¿Cuál es la mejor forma de
atenuar una realidad inaceptable? Convertirla en una estadística. De esa manera,
se puede “asumir” un determinado número de muertos, enfermos o desdichados del
tipo que sea, en aras a conservar cierto modo de vida o algunos privilegios, o
se puede considerar como “un avance” la escasez o la disminución de unos casos que
son inadmisibles aunque solo se tratara de la circunstancia de un único
individuo. La trampa consiste en hacer ver que esas cifras no nos van a
alcanzar. Lo estamos comprobando a propósito del coronavirus. Mientras estábamos
hablando de chinos, unos miles de personas no significaban demasiado. Incluso cuando
se trataba de colectivos concretos en los que no nos sentíamos incluidos, como
los ancianos o los pacientes con patologías previas, parecía que se podía obrar
con cierta frivolidad o desentenderse. Pero cuando eso mismo afecta a nuestra
familia, a la gente de nuestro entorno o a nosotros, ¡hay que ver cómo cambia
el cuento!
Cuando la realidad nos cerca y
sentimos su aliento en la nuca, ya no pensamos en el “bien mayor” ni en la
macroeconomía, sino en la tragedia concreta de la persona que conocemos. Por
ejemplo, estoy segura de que la perspectiva del enfermo que agoniza en un
hospital es muy distinta de la del político que habla de “contagio controlado”,
asumiendo las víctimas como un “mal necesario”.

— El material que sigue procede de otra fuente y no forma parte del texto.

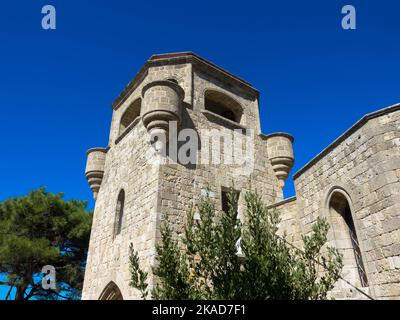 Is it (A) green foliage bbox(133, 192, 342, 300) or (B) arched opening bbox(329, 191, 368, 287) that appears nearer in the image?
(A) green foliage bbox(133, 192, 342, 300)

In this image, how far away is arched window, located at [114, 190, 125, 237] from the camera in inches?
324

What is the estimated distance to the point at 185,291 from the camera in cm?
344

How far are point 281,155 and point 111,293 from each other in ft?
20.1

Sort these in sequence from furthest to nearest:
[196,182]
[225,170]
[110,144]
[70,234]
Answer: [70,234] → [110,144] → [225,170] → [196,182]

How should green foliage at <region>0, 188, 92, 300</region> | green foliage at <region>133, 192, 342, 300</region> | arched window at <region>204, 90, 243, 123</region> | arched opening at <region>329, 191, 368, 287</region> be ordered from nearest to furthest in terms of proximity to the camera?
green foliage at <region>133, 192, 342, 300</region>
arched opening at <region>329, 191, 368, 287</region>
arched window at <region>204, 90, 243, 123</region>
green foliage at <region>0, 188, 92, 300</region>

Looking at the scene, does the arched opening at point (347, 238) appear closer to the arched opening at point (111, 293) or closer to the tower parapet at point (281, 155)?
the tower parapet at point (281, 155)

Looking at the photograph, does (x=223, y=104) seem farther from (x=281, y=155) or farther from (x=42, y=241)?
(x=42, y=241)

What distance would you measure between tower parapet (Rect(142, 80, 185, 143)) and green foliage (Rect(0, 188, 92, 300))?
879cm

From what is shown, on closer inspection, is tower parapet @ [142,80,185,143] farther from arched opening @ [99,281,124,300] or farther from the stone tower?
arched opening @ [99,281,124,300]

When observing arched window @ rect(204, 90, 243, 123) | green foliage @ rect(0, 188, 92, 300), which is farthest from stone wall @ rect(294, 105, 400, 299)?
green foliage @ rect(0, 188, 92, 300)

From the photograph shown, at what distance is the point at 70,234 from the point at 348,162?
13554 mm

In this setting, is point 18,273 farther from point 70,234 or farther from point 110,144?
point 110,144

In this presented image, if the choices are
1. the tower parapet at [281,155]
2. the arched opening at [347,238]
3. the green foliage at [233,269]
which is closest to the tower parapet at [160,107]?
the tower parapet at [281,155] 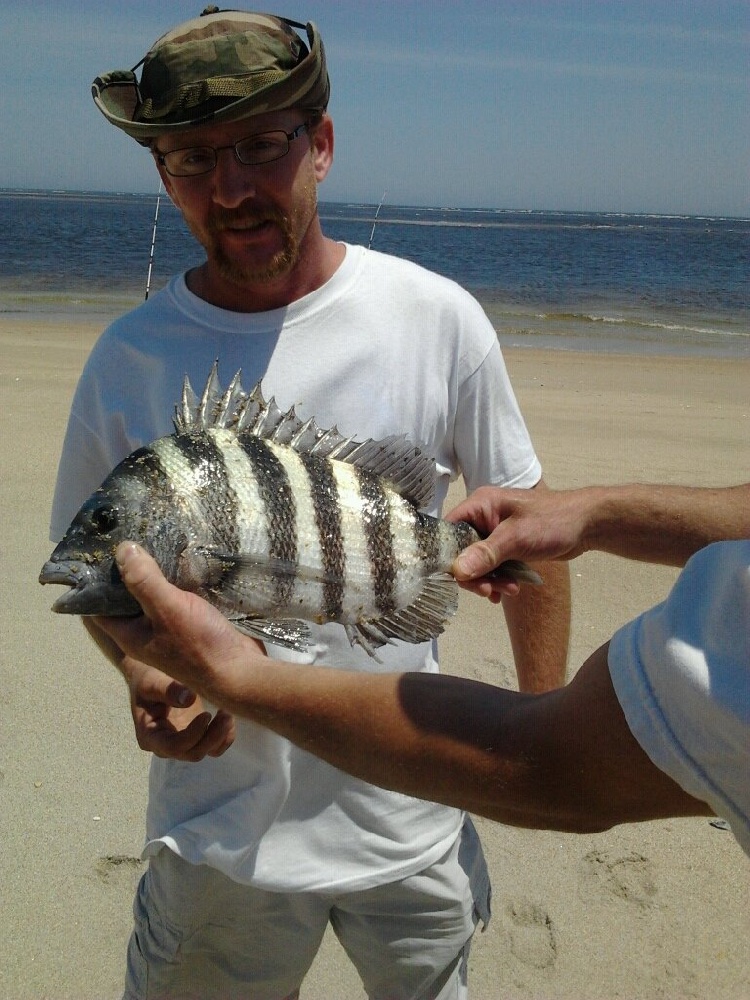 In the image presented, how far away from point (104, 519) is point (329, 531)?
426 millimetres

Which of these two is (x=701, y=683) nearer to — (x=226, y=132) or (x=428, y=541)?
(x=428, y=541)

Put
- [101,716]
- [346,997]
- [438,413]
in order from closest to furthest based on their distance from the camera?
1. [438,413]
2. [346,997]
3. [101,716]

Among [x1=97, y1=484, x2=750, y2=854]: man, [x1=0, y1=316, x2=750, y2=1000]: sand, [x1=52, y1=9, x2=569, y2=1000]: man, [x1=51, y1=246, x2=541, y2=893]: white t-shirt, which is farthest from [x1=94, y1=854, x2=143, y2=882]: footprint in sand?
[x1=97, y1=484, x2=750, y2=854]: man

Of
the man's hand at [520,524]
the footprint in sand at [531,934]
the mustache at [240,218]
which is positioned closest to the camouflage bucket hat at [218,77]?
the mustache at [240,218]

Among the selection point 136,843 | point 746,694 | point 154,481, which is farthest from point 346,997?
point 746,694

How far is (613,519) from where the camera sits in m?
2.13

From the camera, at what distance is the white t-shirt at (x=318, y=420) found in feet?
6.80

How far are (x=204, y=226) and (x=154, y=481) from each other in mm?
754

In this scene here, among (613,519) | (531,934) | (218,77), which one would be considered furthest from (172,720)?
(531,934)

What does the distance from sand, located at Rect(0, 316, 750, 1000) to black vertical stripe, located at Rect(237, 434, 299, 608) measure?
174 centimetres

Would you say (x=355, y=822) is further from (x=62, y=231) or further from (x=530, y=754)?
(x=62, y=231)

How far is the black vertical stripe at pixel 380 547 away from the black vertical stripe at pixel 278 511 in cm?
15

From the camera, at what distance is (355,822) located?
6.91 ft

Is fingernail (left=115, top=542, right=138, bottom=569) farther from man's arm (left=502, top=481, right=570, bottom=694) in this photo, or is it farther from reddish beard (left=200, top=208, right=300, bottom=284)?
man's arm (left=502, top=481, right=570, bottom=694) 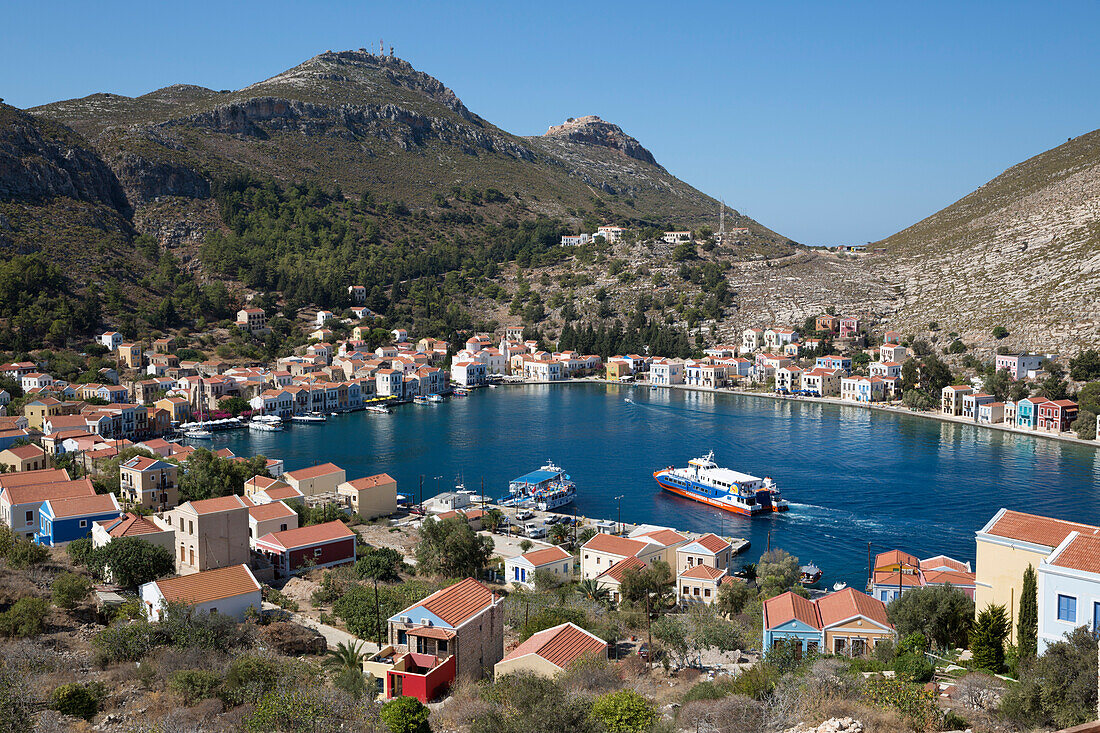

Una enseñanza que nos deja el
Covid19, pero que es aplicable a muchos otros asuntos: la pobreza, la
desigualdad, la situación de quienes por su edad, salud o características no
son “rentables”… Ojalá ahora que nos vemos convertidos nosotros mismos en una
estadística, ya sea de personas con síntomas o asintomáticas, infectados,
hospitalizados, muertos, familiares, trabajadores “regularizados laboralmente”,
autónomos que no llegan a fin de mes o empresarios con problemas de liquidez, seamos
capaces de empatizar con otros seres vulnerables y comprender que no son “tantosporcientos”
ambulantes, sino que sienten y padecen, como nosotros.
Ahora que se han limitado las
posibilidades de gastar, el dinero parece recobrar su verdadera dimensión y,
salvo incorregibles excepciones, todos hemos vuelto a valorar más el tiempo, la
compañía, la solidaridad. Los vecinos, los sanitarios, los empleados del
supermercado, los tenderos, los basureros, los limpiadores, los profesores, los
cuidadores, los miembros de cuerpos de seguridad, los agricultores y ganaderos…
han dejado de ser unos seres “prescindibles” a los que puedo ignorar o unos
“privilegiados” a los debo poner en su sitio, que están ahí para servirme o que
tengo derecho a despreciar o maltratar porque están a sueldo o “los pago con
mis impuestos”. Ya nos sentimos más sensibles respecto a lo necesarios que son
ciertos servicios o al porcentaje del PIB que se emplea en esto o lo otro, y
estamos más dispuestos a contribuir a sufragar los gastos con tal de conservar
las prestaciones.
El famoso lema de “no dejar a
nadie atrás” significa, en último término, ser consciente de que cada ser
humano con el que nos relacionamos tiene un nombre, una historia y una
dignidad. Y que merece ser tratado con la máxima consideración y respeto,
porque es insustituible y valioso, y porque le necesitamos tanto o más de lo que
él o ella precisa de nosotros.
Confío en que no se nos olvide
esta lección en el futuro y que esta crisis nos haya servido para comprender
que, si le va mal al conjunto de la humanidad o incluso a un único ser humano,
también, a nosotros nos afecta. El egoísmo nunca sale rentable porque, como
dice la sabiduría popular, “cuando las barbas de tu vecino veas cortar, pon las
tuyas a remojar”. Mejor trabajar unidos por un mundo mejor para todos, sin
exclusiones. Con o sin Covid, ahora y siempre.
Ana Cristina López Viñuela
Mi deseo es q aprendamos la lección pero no estoy segura d si lo conseguiremos.